2.5.2. Multivariate analysis
We performed multivoxel pattern analyses (MVPA) to examine the brain areas maintaining the representation of A) current-active initial tasks, and B) intended tasks. These analyses examined brain activity during the pre-switch period only (although additional, exploratory analyses were also performed on the post-switch period, see the Supplementary Materials). Following a Least-Squares Separate Model approach (LSS; Turner, 2010) we modelled each miniblock (EG, ER, GE, GR, RE, RG) during the period prior to the switch separately. This method helps to reduce collinearity between regressors (Abdulrahman & Henson, 2016), by fitting the standard hemodynamic response to two regressors: one for the current event (a type of miniblock prior to the switch) and the second one for all the remaining events. As in the univariate approach, each miniblock regressor was modelled as a boxcar function with the duration of the entire pre-switch period duration.

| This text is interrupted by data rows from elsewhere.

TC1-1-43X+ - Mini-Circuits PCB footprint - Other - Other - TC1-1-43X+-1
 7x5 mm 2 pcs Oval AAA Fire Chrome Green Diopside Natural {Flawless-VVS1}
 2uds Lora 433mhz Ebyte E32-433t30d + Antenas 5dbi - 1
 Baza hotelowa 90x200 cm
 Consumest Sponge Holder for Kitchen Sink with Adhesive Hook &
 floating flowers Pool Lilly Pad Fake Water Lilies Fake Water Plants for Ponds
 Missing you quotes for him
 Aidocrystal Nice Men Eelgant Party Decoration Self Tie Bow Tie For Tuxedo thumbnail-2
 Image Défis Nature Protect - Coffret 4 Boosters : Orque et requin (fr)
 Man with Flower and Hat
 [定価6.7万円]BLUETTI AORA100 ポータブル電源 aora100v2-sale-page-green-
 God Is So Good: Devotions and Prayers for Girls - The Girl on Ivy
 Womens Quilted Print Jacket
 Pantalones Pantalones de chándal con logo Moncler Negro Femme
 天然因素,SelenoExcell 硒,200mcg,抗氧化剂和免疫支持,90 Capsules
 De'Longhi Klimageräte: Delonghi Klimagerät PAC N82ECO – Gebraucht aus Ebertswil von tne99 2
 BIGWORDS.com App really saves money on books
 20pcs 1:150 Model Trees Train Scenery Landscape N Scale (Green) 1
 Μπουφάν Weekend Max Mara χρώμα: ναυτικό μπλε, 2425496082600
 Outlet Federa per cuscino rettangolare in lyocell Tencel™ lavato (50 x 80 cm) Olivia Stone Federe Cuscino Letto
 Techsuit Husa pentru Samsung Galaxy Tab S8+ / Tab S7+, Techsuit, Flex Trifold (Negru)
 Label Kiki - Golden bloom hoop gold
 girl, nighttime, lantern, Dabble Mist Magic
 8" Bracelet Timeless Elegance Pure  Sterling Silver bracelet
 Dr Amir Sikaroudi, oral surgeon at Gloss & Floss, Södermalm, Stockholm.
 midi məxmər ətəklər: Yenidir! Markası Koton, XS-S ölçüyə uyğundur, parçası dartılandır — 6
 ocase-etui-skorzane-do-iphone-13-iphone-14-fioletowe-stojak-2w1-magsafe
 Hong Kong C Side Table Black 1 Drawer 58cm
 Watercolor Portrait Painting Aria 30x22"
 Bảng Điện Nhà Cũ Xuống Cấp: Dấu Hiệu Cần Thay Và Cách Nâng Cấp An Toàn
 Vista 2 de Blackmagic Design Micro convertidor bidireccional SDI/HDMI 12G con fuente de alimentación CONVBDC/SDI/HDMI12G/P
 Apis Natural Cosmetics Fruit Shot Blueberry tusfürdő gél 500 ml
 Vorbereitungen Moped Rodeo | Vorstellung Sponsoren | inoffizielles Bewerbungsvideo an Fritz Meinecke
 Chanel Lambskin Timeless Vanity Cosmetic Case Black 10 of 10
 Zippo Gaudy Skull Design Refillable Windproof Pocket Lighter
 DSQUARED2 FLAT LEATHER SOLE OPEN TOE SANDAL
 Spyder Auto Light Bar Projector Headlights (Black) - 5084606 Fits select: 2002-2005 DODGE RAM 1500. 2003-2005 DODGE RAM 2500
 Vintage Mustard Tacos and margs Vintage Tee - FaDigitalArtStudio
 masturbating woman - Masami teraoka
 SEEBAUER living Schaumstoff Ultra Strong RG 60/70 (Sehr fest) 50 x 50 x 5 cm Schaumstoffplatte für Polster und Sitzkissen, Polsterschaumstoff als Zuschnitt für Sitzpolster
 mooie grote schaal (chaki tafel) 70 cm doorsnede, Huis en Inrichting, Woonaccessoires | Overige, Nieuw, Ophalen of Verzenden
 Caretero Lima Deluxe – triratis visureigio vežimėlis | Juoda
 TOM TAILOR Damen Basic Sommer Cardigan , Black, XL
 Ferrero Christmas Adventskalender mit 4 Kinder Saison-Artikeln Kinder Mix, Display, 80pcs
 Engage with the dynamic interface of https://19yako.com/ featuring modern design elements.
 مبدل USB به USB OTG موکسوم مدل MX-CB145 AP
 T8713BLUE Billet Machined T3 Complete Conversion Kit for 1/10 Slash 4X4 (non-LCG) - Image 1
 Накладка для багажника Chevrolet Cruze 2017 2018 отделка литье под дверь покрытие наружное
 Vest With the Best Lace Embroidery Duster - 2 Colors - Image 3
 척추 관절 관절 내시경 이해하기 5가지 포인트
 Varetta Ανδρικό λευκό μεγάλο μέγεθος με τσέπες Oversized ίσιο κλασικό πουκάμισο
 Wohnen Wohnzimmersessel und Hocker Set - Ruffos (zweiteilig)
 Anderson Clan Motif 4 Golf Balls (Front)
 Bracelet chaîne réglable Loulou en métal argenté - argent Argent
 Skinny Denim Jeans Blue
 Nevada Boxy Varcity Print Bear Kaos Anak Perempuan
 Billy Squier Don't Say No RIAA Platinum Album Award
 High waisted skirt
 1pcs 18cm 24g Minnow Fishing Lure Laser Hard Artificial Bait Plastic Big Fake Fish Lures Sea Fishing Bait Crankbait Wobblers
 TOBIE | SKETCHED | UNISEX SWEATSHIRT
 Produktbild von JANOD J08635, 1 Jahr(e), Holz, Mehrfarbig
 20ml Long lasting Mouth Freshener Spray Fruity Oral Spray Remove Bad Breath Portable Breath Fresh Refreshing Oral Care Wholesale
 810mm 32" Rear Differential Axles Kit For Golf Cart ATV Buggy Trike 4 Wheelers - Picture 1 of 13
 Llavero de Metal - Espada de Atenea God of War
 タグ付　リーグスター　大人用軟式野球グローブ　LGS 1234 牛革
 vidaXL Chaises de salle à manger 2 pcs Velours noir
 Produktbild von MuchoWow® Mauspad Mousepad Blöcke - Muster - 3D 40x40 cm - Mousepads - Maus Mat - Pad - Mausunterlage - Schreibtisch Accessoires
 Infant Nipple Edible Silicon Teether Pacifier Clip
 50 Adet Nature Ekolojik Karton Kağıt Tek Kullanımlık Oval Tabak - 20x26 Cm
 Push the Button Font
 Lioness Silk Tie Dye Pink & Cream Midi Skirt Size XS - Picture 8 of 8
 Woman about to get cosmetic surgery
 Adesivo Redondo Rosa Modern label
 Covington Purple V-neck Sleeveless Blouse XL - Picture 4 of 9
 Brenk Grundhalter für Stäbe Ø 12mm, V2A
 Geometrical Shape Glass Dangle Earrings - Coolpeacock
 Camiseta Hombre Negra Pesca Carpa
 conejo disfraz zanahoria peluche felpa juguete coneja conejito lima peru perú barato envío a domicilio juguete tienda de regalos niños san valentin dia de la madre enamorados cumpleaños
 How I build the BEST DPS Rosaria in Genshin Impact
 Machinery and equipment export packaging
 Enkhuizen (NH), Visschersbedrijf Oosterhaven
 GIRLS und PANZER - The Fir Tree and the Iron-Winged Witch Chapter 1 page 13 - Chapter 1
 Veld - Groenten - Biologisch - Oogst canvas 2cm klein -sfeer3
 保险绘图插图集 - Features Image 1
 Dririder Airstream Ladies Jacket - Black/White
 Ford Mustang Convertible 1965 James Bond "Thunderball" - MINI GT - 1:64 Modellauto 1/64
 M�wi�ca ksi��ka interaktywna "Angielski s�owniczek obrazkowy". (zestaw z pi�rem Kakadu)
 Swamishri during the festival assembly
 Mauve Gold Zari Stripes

The binary classification analyses were performed as follows. First, we classified a) between any two initial tasks while holding the intended task constant, then b) between any two intended tasks while holding the initial task constant. For instance, in case a) we contrasted initial gender task vs. initial race task when the intended task was emotion (GE vs. RE), and also intended gender vs. intended emotion task when the intended task was race (ER vs. GR), and intended emotion task vs. intended race task when the intended task was gender (EG vs. RG). We then averaged decoding accuracies across these analyses, which indicate whether a particular brain region shows different patterns of activity depending on what the initial, currently-active task set is, holding the intended task constant. Conversely, in case b), we compared intended gender vs. intended race when the initial, currently-active task was emotion (EG vs. ER), intended gender vs. intended emotion when the initial, currently-active task was race categorization (RE vs. RG) and intended emotion vs. intended race when the initial, currently-active task was gender (GE vs. GR). As above, we averaged across these analyses, which indicate whether a particular brain region shows different patterns of activity depending on what the intended task set is, holding the currently-performed task constant.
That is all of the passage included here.